L’album contient également deux superbes ballades, Endless Rain et Unfinished. La première, véritable chef d’œuvre, peut être considérée comme un des meilleurs titres d’X Japan avec sa mélodie puissante, son orchestration symphonique et son superbe solo de guitares. Présente dans une version bien moins aboutie sur l’opus précédent, la seconde est extrêmement bien écrite et l’on peut juste regretter l’absence de solo de guitare qui aurait pu la hisser au rang de plus belle ballade du groupe. Ces deux perles sonores permettent en outre d'apprécier les talents de pianiste de Yoshiki.
Trois titres sont toutefois moins convaincants que les autres. Le premier, Easy Fight Rambling, est une chanson hard rock 80’s sans l’originalité qui fait toute la saveur du groupe. L’instrumental XClamation déçoit par son intérêt relatif et son manque de cohésion par rapport au reste de l’album, même s’il permet d’apprécier les talents de bassiste de Taiji. Enfin, Celebration, composée par hide, est malheureusement bien moins bonne dans cette version chantée par ToshI que dans celle que le célèbre guitariste interprétera lui-même sur scène par la suite.
Enfin, Rose Of Pain, pièce épique de presque douze minutes qui préfigure le chef d’œuvre Art Of Life publié quatre ans plus tard, prouve si besoin est les capacités de Yoshiki à écrire des pièces musicales exceptionnelles, sombres et poétiques, tout en parvenant à une fantastique fusion des genres entre classique et hard rock.

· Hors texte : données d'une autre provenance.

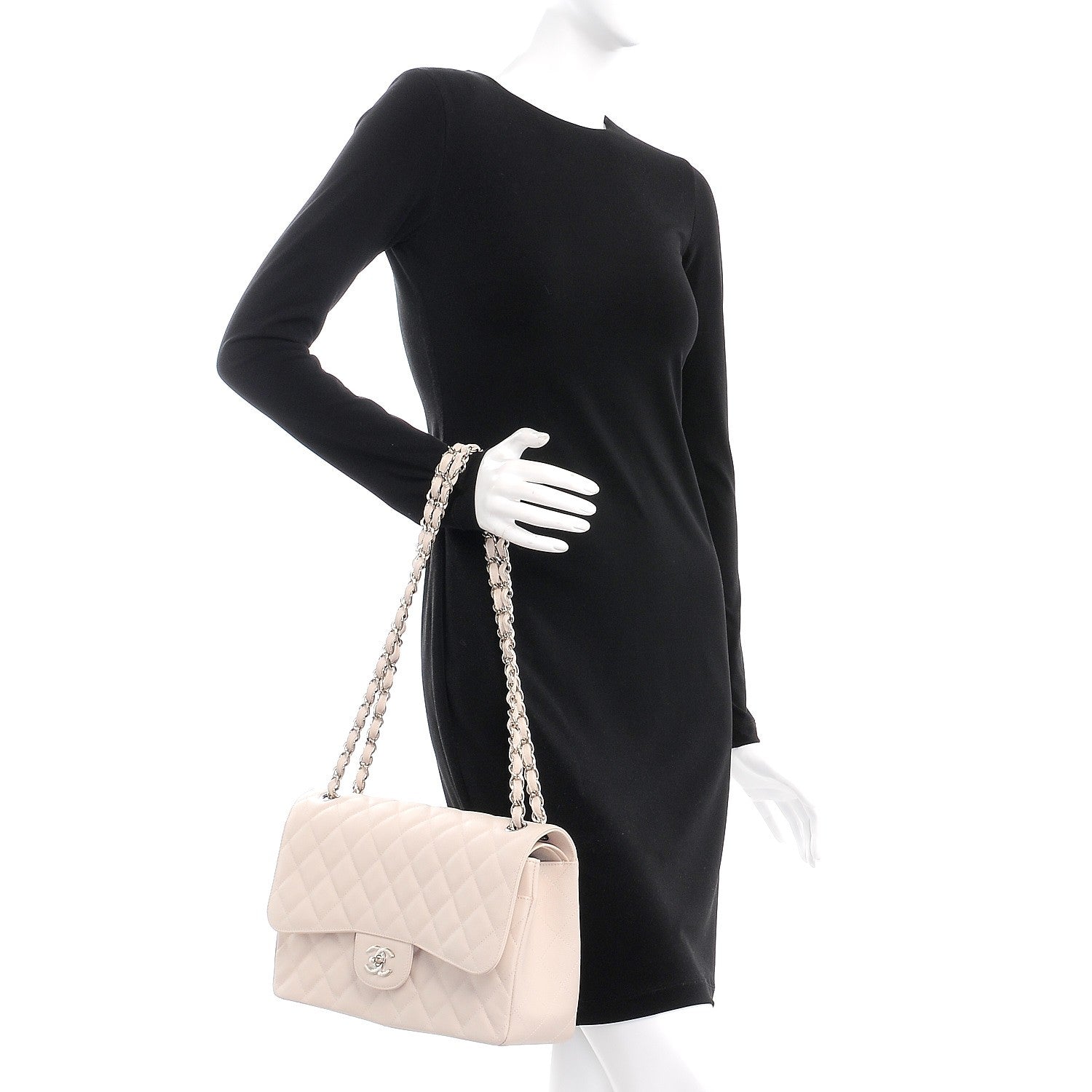 Chanel Caviar Quilted Jumbo Double Flap Light Beige 3 of 8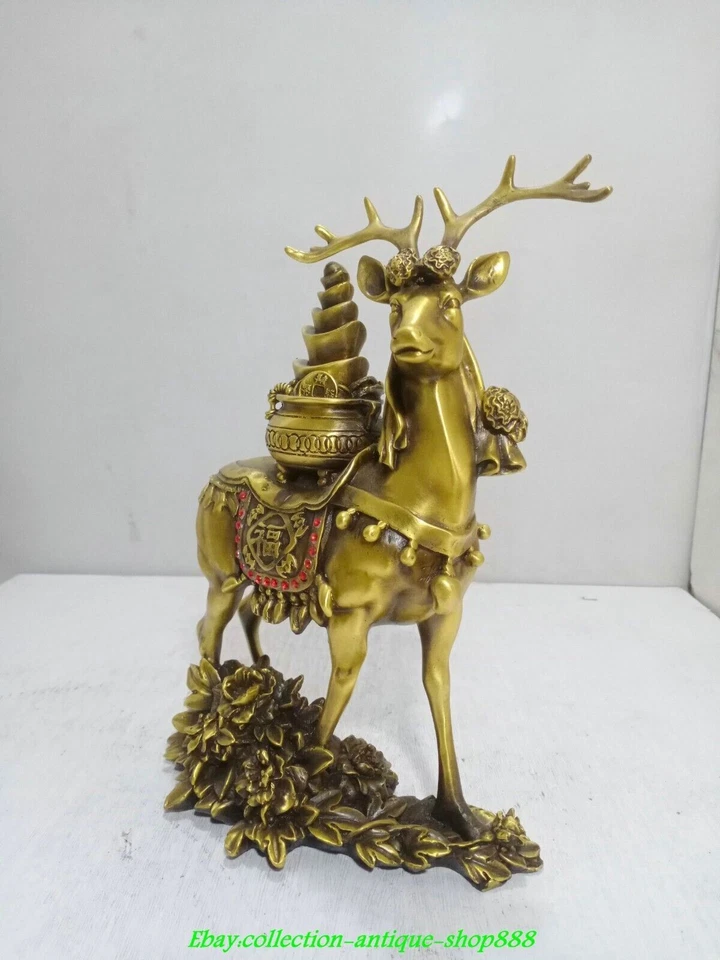 Old Chinese Brass Gems Fengshui Wealth Deer Sika deer Coin Yuanbao Animal Statue - Image 2 of 4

X Japan réussit donc l’exploit de sortir un grand album devenu une référence incontournable dans le monde de la J-music et du rock en général, le slogan présent sur la pochette donnant son nom au mouvement visual kei. Blue Blood, malgré la production décevante qui ne donne pas aux morceaux l’écrin sonore qu’ils méritent, est l’album de la consécration pour la formation, qui choisira d’ailleurs d’appliquer la même recette sur l’opus suivant, Jealousy, où le manque de prise de risque sera compensé par un bien meilleur son et des compositions globalement toujours aussi bonnes.
Yoshiki, véritable âme du groupe, signe ici huit des douze compositions et en co-signe une, ce qui illustre une fois de plus sa domination au sein du quintette.
Consécutivement à la sortie de l’album, X Japan entreprendra le mythique Blue Blood Tour pour défendre le disque sur scène (malheureusement interrompu suite à une blessure du leader lors d’une représentation), permettant aux morceaux de prendre une autre dimension lors des concerts magistraux des désormais légendaires fondateurs du visual kei.